**DATASET RECORDS**.
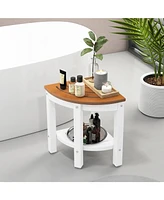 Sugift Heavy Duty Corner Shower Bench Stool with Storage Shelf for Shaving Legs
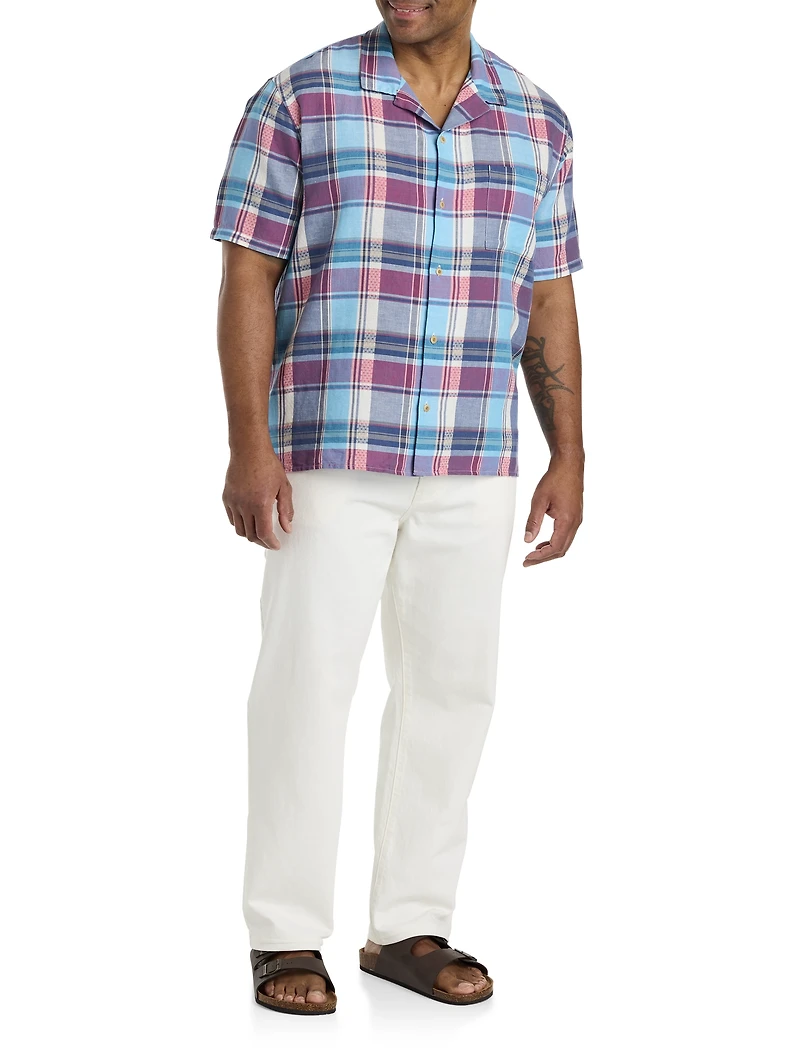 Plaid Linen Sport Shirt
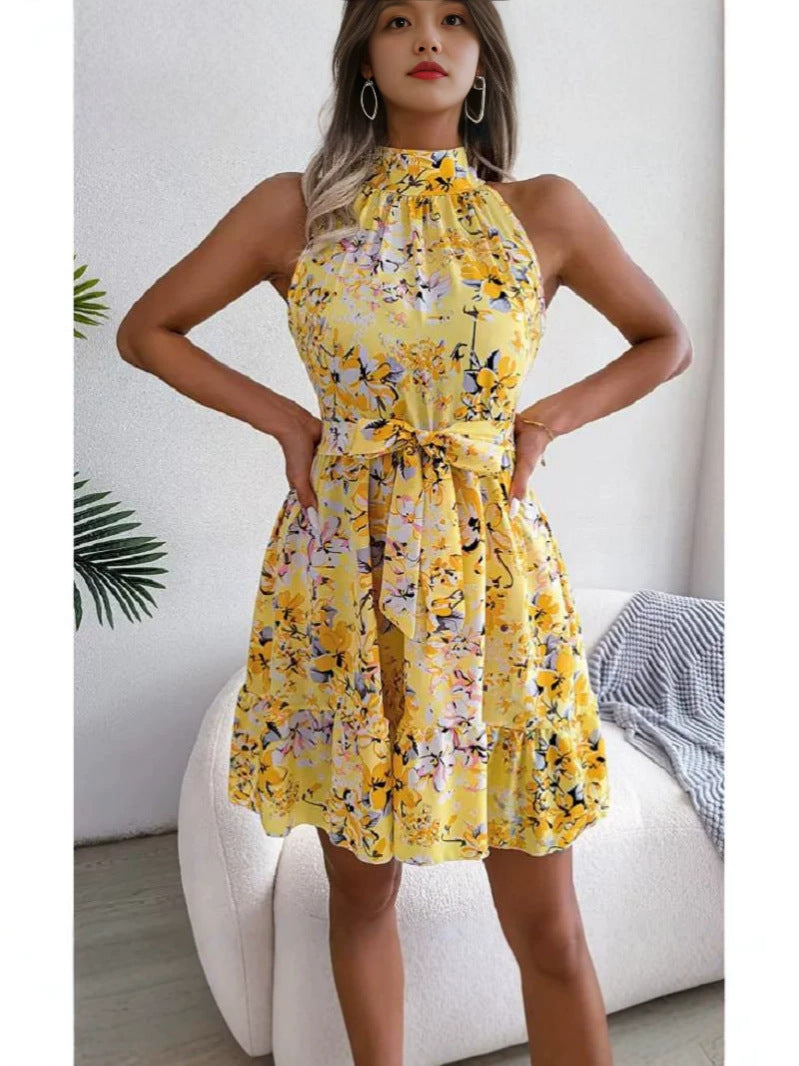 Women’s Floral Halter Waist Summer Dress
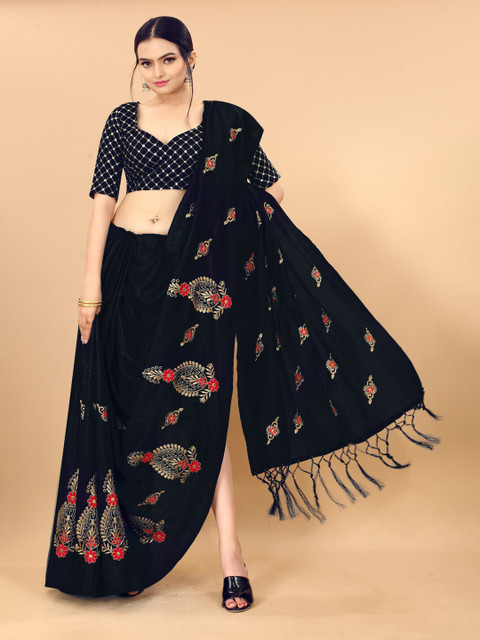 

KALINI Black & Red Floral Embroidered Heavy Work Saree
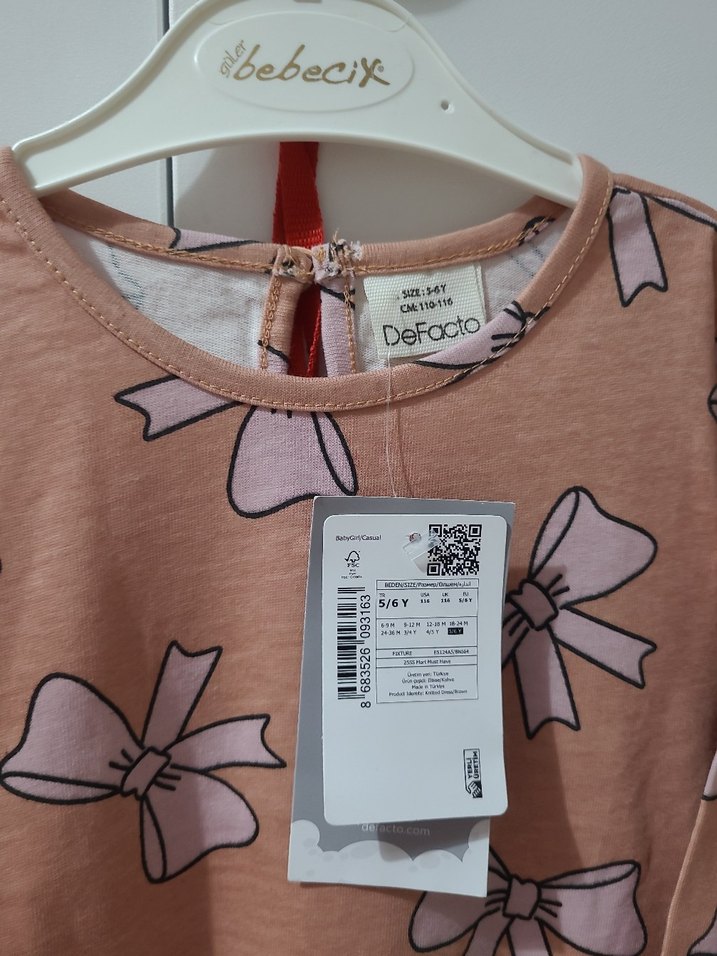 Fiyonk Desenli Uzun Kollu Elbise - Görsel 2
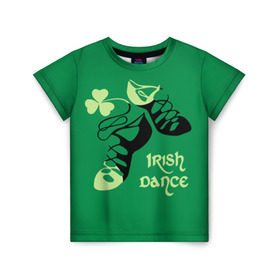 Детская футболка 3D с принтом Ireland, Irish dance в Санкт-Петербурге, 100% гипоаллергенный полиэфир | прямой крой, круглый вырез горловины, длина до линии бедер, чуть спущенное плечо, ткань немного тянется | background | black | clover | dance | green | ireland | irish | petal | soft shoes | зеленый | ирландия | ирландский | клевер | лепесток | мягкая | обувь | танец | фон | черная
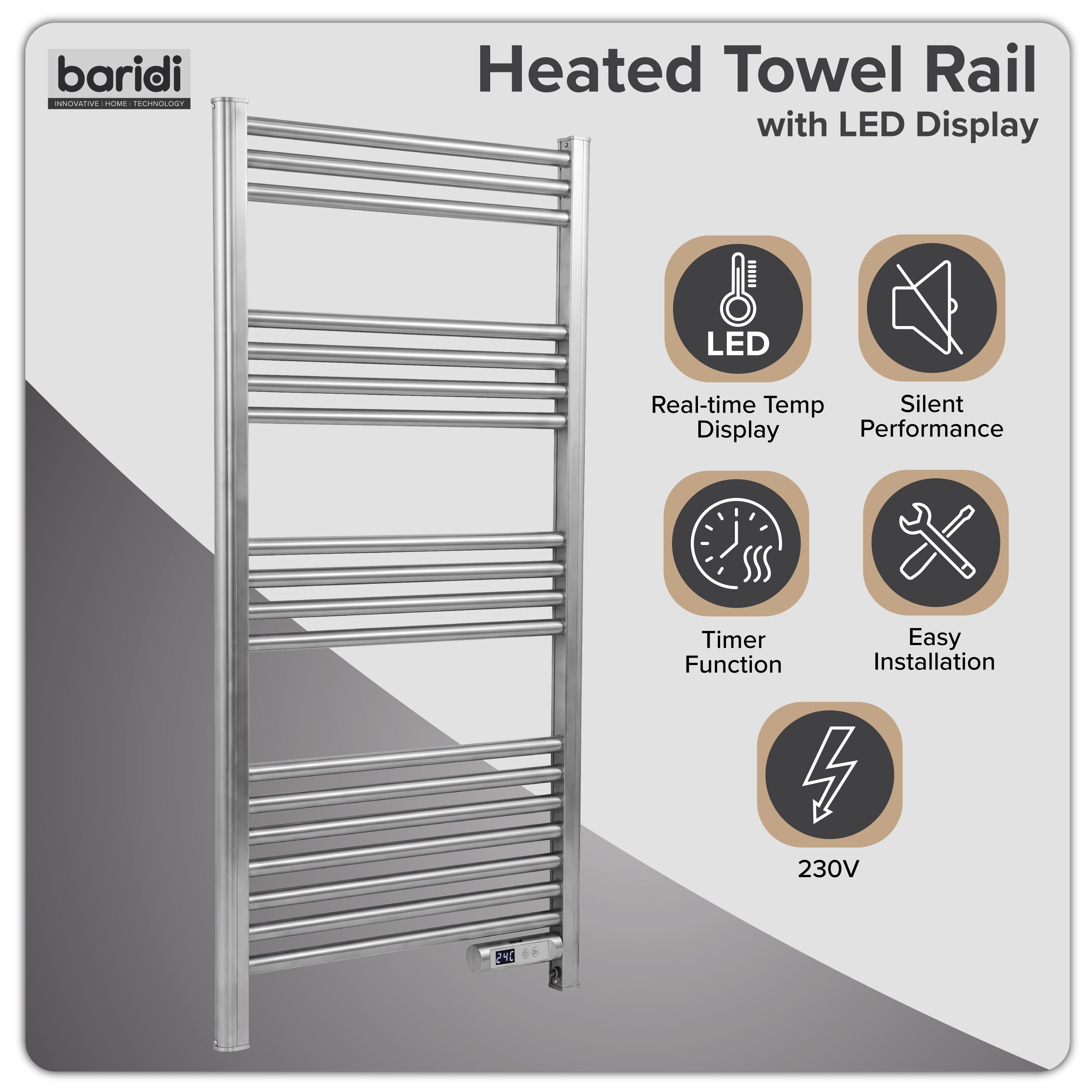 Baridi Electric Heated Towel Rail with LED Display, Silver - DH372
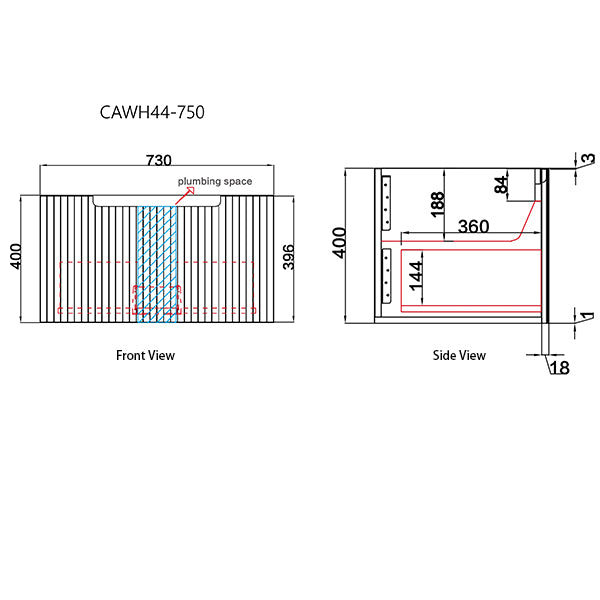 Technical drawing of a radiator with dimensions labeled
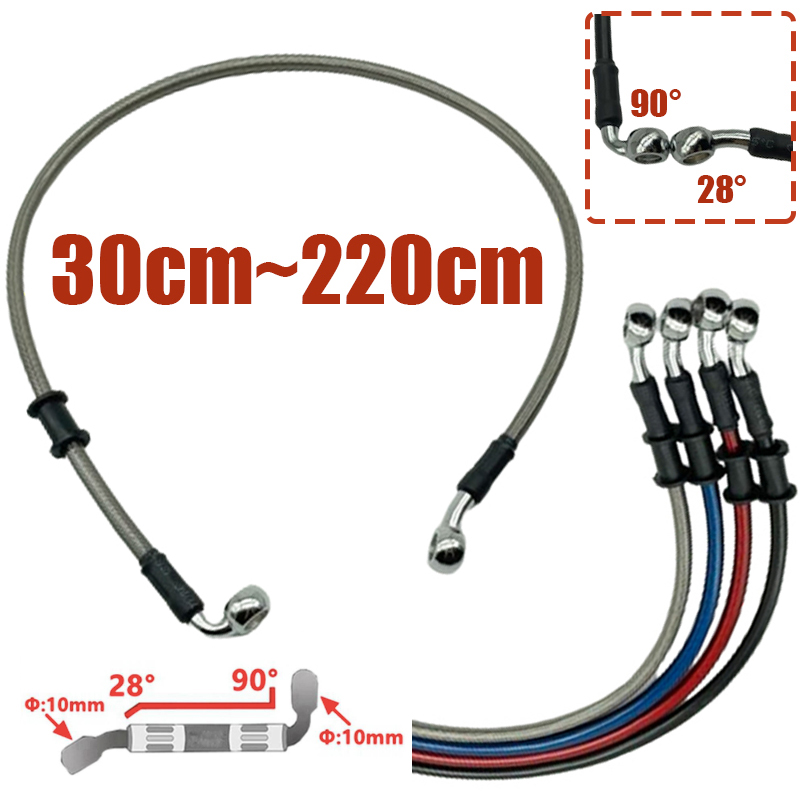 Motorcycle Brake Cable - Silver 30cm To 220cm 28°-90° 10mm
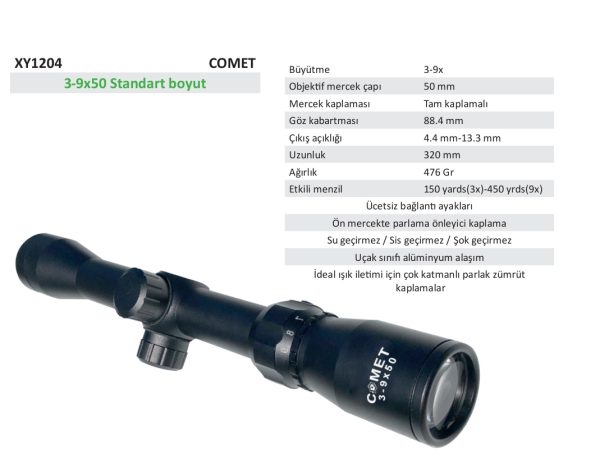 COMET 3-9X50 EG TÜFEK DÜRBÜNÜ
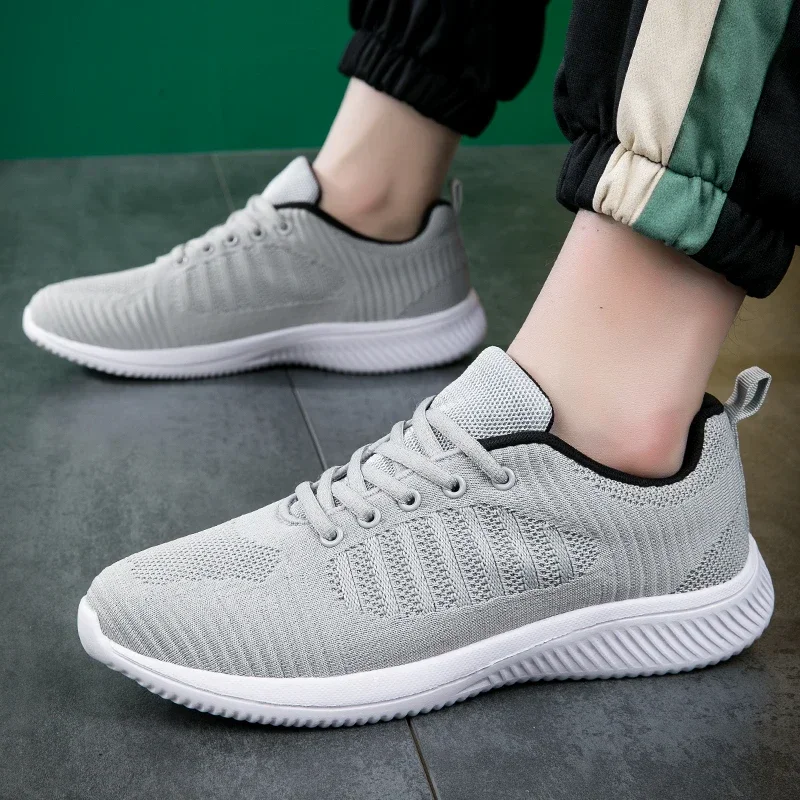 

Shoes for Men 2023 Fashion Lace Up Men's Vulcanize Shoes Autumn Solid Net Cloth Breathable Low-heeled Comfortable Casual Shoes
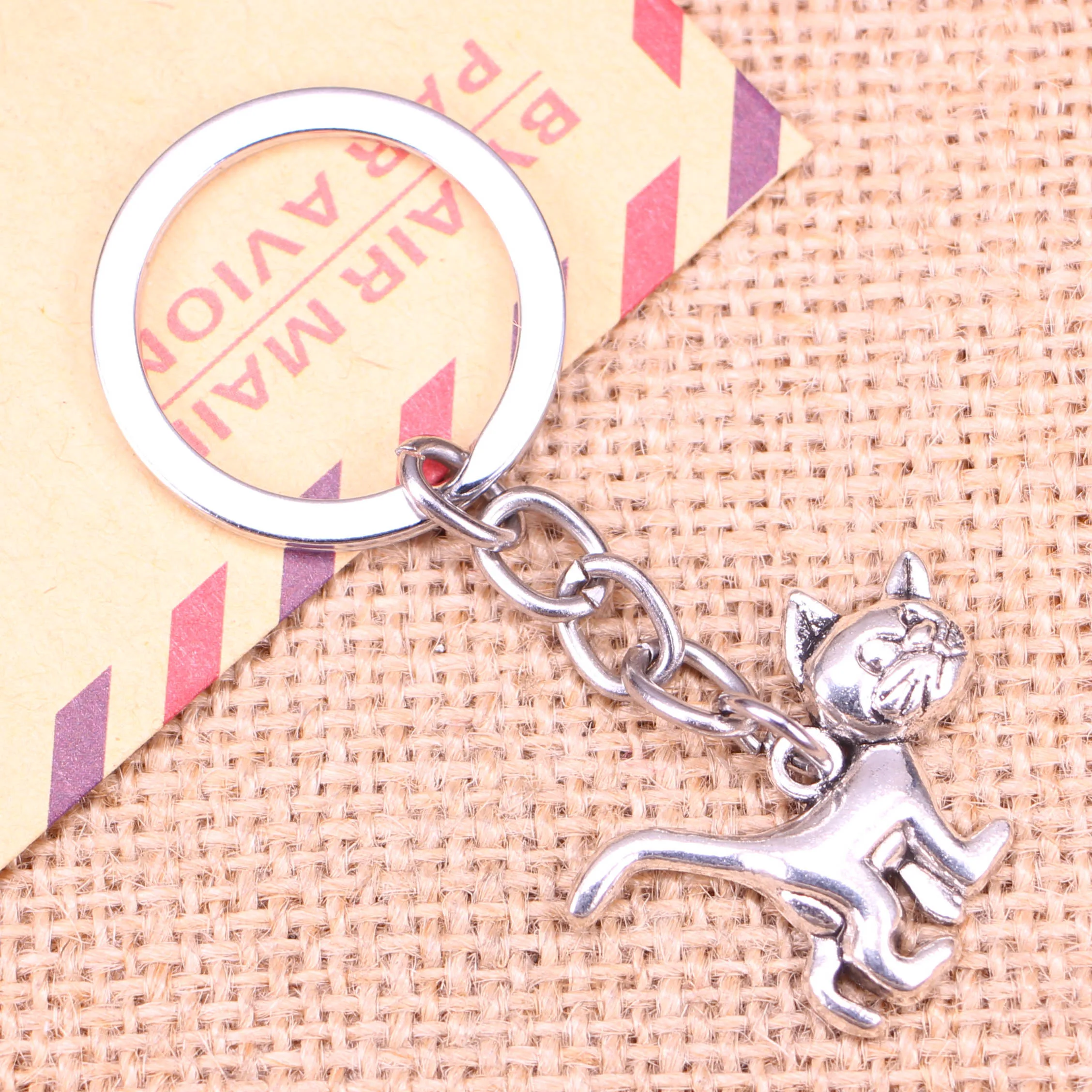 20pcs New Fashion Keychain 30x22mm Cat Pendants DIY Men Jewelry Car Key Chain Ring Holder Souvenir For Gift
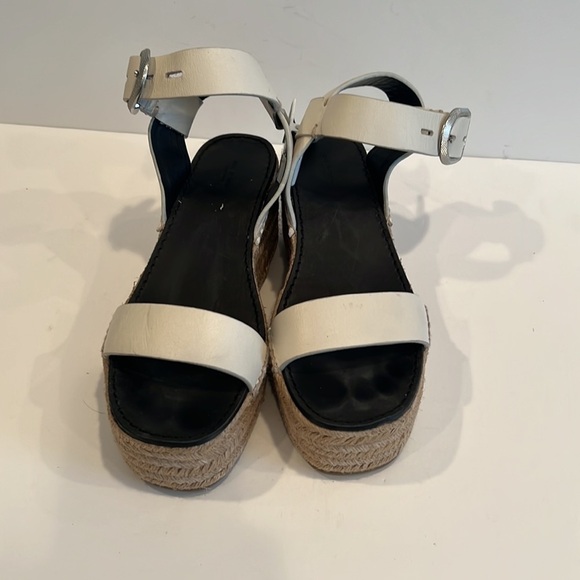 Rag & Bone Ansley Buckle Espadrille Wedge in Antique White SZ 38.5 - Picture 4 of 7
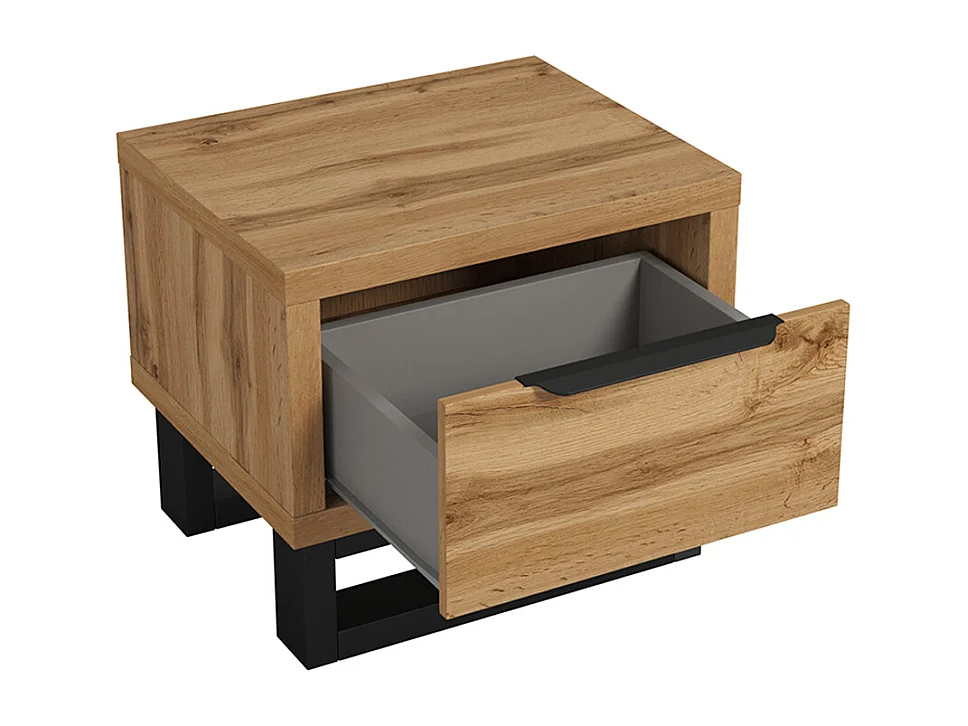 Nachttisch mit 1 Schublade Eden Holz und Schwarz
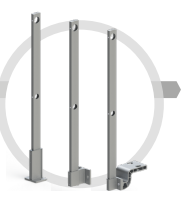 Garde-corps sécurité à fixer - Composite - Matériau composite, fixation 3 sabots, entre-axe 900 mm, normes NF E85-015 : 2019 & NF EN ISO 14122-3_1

**ACTION ITEM**. Your answer must consist solely of the lines from the one containing "Shoes for Men" through the last line of the records above, copied exactly, with every picture left out.

**YOUR RESPONSE**.
Shoes for Men 2023 Fashion Lace Up Men's Vulcanize Shoes Autumn Solid Net Cloth Breathable Low-heeled Comfortable Casual Shoes
 20pcs New Fashion Keychain 30x22mm Cat Pendants DIY Men Jewelry Car Key Chain Ring Holder Souvenir For Gift
 Rag & Bone Ansley Buckle Espadrille Wedge in Antique White SZ 38.5 - Picture 4 of 7
 Nachttisch mit 1 Schublade Eden Holz und Schwarz
 Garde-corps sécurité à fixer - Composite - Matériau composite, fixation 3 sabots, entre-axe 900 mm, normes NF E85-015 : 2019 & NF EN ISO 14122-3_1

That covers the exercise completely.